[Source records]
********

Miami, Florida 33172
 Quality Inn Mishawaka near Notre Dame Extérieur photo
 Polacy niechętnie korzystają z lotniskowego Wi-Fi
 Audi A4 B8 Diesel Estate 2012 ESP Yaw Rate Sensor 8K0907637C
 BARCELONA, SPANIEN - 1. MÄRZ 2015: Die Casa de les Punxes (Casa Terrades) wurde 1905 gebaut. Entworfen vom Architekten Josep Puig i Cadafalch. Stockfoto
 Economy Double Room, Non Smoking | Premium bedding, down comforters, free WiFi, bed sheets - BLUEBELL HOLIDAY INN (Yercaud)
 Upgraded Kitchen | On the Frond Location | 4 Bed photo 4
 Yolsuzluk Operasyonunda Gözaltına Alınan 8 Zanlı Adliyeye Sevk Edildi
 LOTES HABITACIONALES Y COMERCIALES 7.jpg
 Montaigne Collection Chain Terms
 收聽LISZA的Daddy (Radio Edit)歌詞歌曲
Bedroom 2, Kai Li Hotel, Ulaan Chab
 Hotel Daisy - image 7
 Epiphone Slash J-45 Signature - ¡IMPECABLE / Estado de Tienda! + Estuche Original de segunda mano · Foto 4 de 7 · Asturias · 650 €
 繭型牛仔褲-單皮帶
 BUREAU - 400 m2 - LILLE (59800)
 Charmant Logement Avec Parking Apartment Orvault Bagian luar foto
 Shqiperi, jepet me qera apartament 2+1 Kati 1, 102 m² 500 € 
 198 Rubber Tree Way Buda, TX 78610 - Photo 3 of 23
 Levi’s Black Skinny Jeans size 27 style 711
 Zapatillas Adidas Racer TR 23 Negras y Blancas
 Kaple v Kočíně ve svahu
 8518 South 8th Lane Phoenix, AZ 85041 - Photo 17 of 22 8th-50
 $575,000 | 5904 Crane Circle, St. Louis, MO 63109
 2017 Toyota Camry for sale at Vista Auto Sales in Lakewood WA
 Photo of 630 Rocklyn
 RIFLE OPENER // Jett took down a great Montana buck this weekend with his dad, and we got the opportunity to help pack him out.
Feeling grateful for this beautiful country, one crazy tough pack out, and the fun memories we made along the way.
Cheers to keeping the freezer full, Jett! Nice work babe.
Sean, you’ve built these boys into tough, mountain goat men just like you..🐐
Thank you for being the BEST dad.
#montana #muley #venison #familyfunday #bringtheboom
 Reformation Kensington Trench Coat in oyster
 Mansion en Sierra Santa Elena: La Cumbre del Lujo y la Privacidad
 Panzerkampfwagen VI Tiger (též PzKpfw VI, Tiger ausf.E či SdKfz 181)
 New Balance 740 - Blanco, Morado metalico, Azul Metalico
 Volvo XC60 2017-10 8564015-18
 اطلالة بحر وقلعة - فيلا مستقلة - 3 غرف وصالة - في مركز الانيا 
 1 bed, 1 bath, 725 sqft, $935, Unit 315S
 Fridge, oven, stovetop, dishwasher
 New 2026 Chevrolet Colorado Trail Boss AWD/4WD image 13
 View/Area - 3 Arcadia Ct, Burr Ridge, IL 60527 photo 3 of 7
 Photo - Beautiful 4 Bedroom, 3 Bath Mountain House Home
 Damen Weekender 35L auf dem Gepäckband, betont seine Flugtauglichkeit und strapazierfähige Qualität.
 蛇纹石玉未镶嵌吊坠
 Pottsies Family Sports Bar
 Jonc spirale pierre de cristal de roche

********

[What is required] In the entries, find every line holding "image" and copy it.

[Task result]
 Hotel Daisy - image 7
 New 2026 Chevrolet Colorado Trail Boss AWD/4WD image 13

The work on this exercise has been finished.